Tuesday, April 15, 2008

fire my burners

so i get the okay from a dear friend to compile her works. i stay up till midnight tweaking and i'm pleased with the product, i've ordered a proof (gotta love lulu) but in just the time since i went to bed, i know there are issues i need to fix.

when do i have the time for this?

i don't. plain and simple.

but i must make the time. we make time for what matters, i've come to understand that.

and when i was doing it, it all came together, the title, the cover, everything. it's going to be gorgeous, i must say, i have a knack for book design.

my covers tend to be darker than your average, and my sister said,
your book doesn't have a title

but it does, it's ethereal. i dig that.

probably not jump off the shelves marketing, but i like something to draw me in. to catch my eye and make me want to investigate.

i don't mind a little delay and don't feel fifty point white letters on a black dust cover are the only way to convey a message.

subtlety is key kids.

subtlety is key.

and now, i go take my test after very little sleep, but i feel brighteyed and bushytailed because i am doing the work i am supposed to be doing.

i always knew it incorporated publishing authors, but i never knew in what context or how it would look.

i have preferences, and so far, my book has gotten oohs and aaahs, from those who have seen and bought it. is it perfect, no, but neither am i.

winnebago say,
there is nothing perfect.
(i'm editing it).

i need to go get ready for my test, but there are few things that give me the energy to stumble through my day like working with others' words. it is tough, it demands more than it feels i have to give, but i'm one of those highly functional types, who needs more to keep me going.

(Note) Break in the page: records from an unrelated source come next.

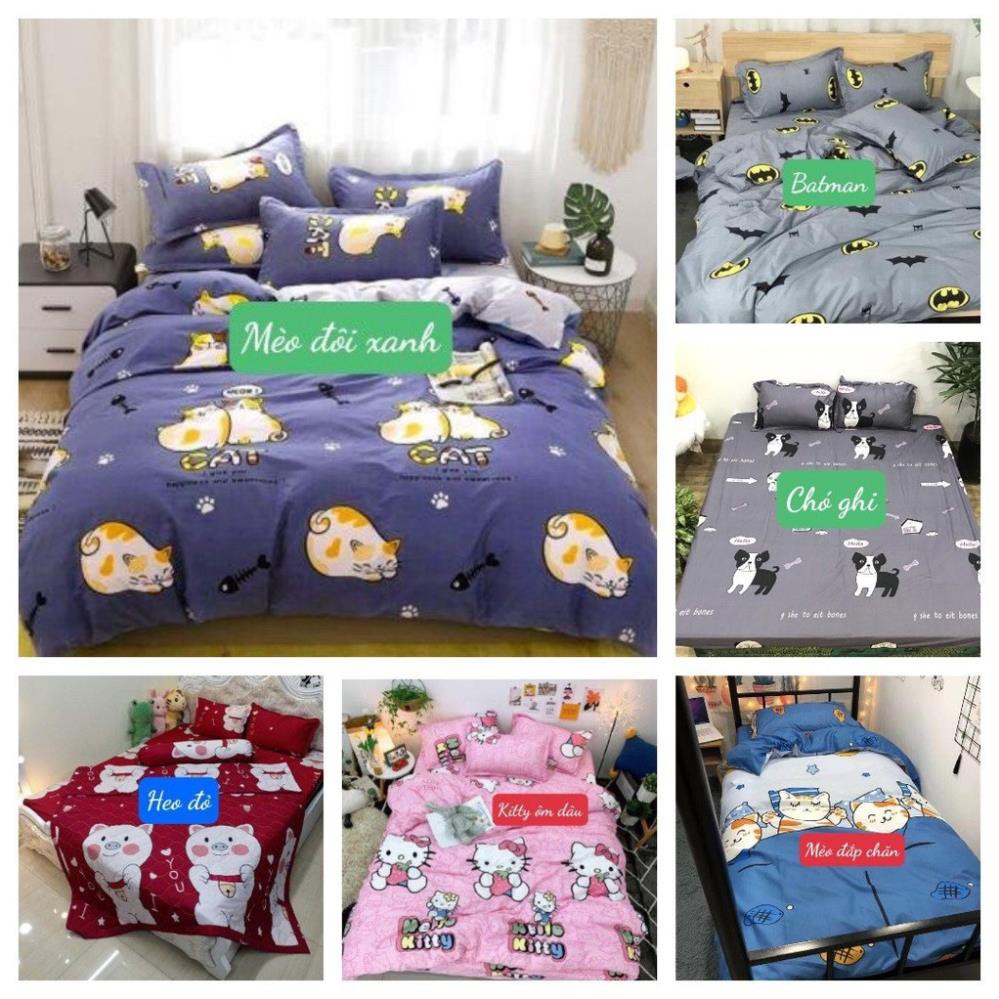 Ga Trải Giường Poly Cotton 1m6,1m8,2m2 nhiều mẫu lựa chọn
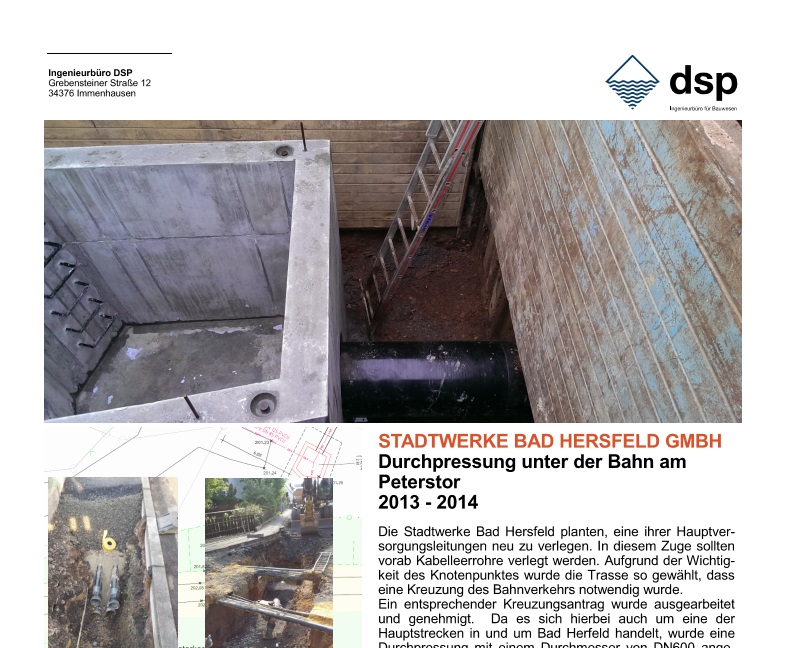 Leistung DSP Ingenieurbüro für Bauwesen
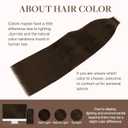GOO GOO Tape in Hair Extensions Human Hair, 4A Chocolate Brown, 16inch 50g 20pcs, Skin Weft Seamless Invisible, Silky Straight with Thick Ends, Remy Human Hair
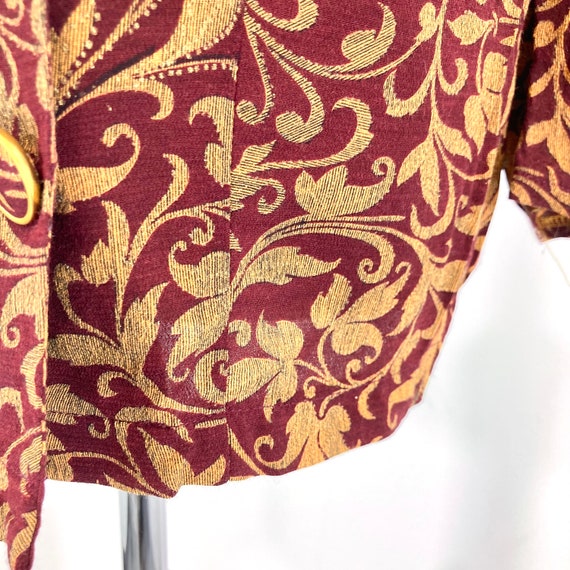 Vintage Abstract Pattern Blouse / West and Webb /… - image 8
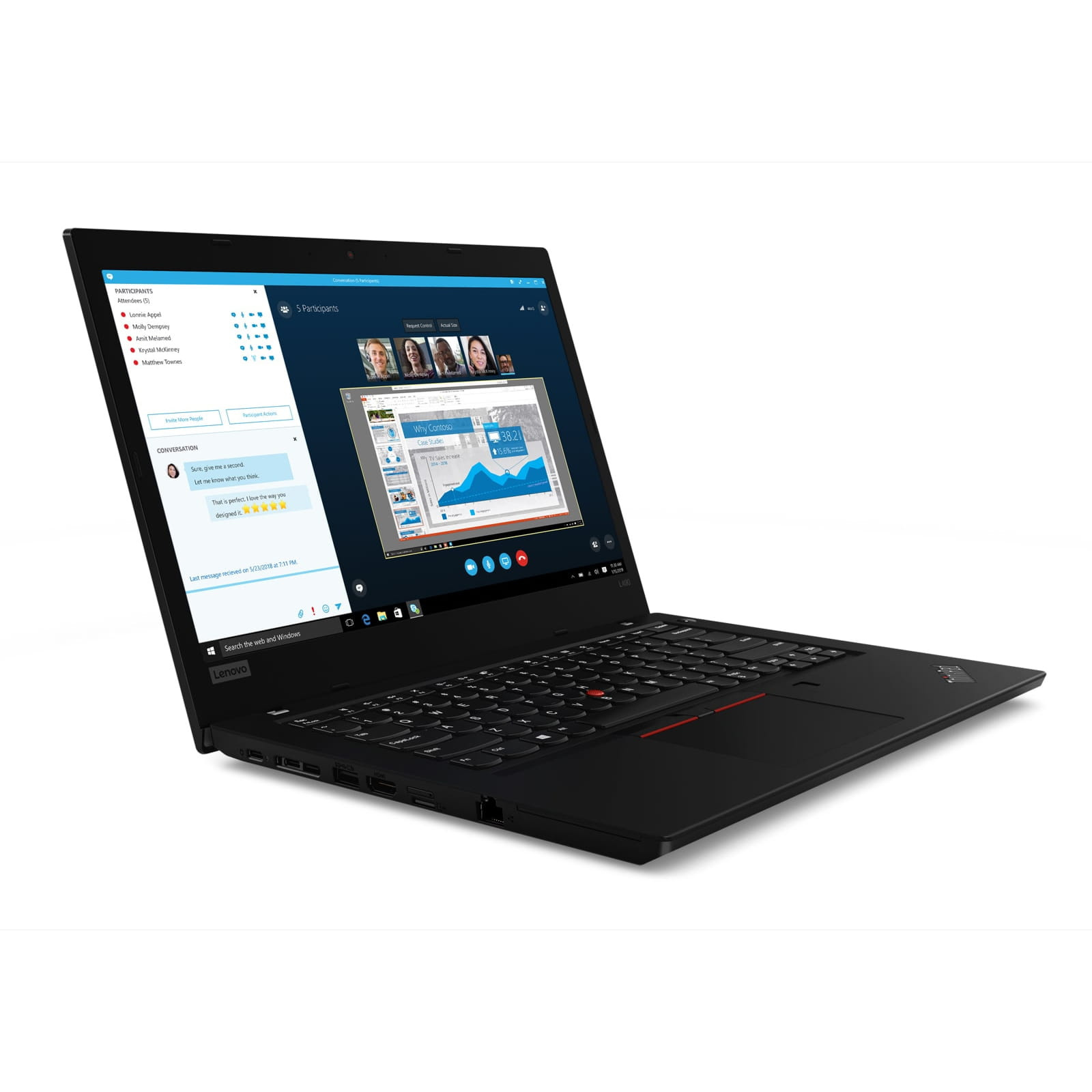 Lenovo ThinkPad L490 Core i5 8265U (8-gen.) 1,6 GHz / 32 GB / 960 SSD / 14" / Win 11 Pro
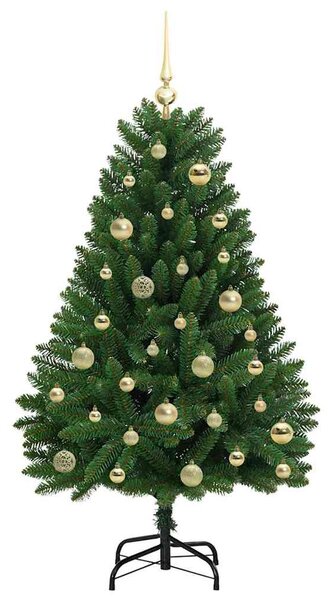 Umělý vánoční stromeček 120 cm 150 LED Teplá bílá PVC a ocel 3395671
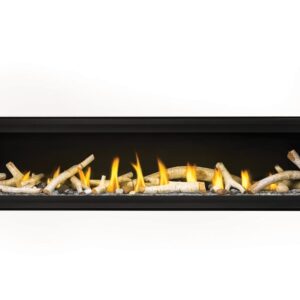 Stock Image - Napoleon - Luxuria™ 74 Direct Vent Fireplace, Natural Gas, Electronic Ignition Napoleon Hearth Gas Fireplace - Builders Materials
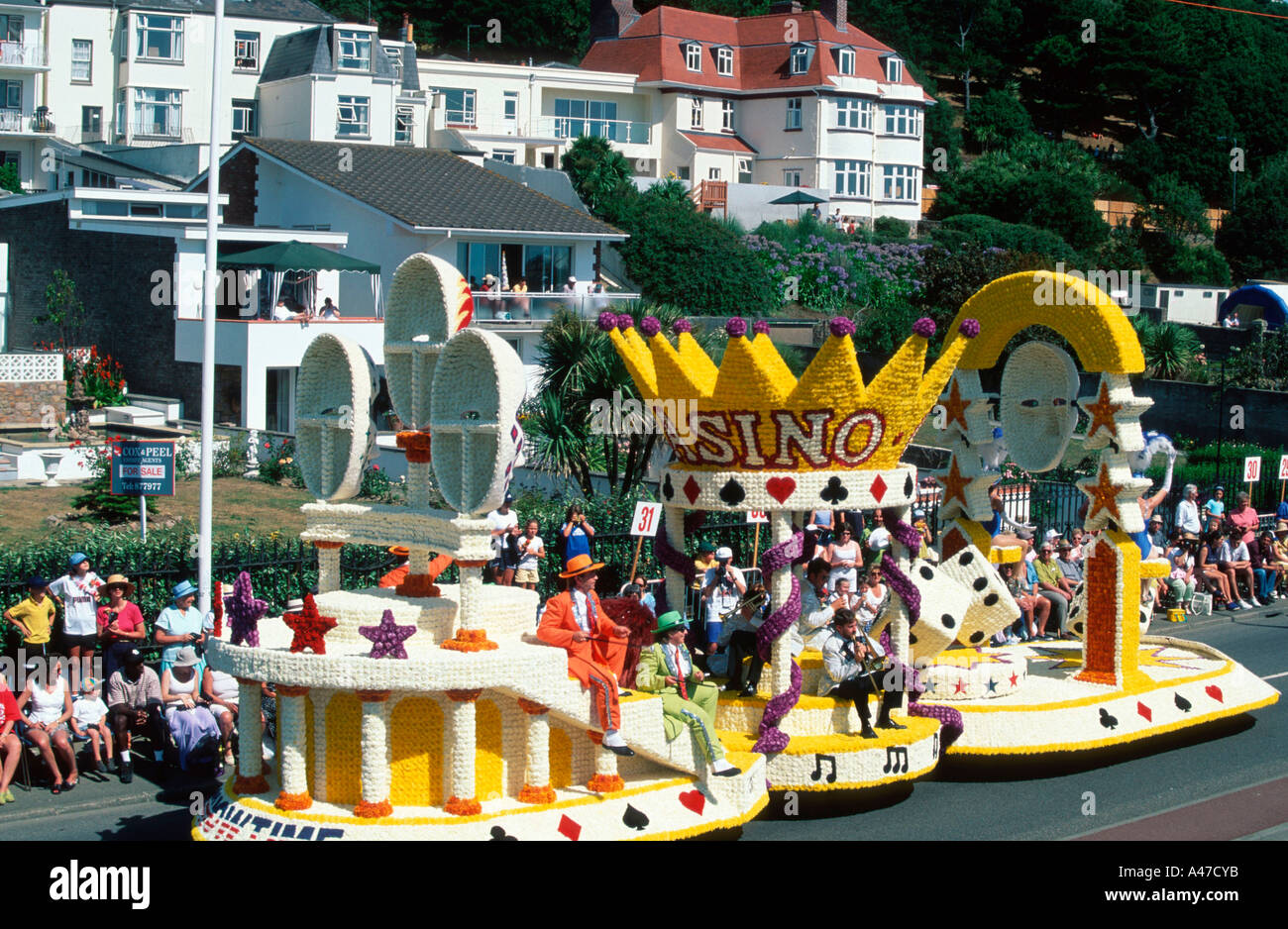 Battle of Flowers St. Helier Stock Photo Alamy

(or i've just had a spat of madness, but it doesn't feel like madness and i would do it even if it was).

my dear friend said,
no, don't go to the trouble.


but i did. i had to.

i love her works. i want them for myself, what better reason to compile and edit them? though i love the unedited versions.

she has a peculiar vernacular, a way of speaking that will lose its charm if edited with too heavy a hand. so i will have the unedited version for my own enjoyment.

and i will carry it close to my heart, for it is what gives me strength.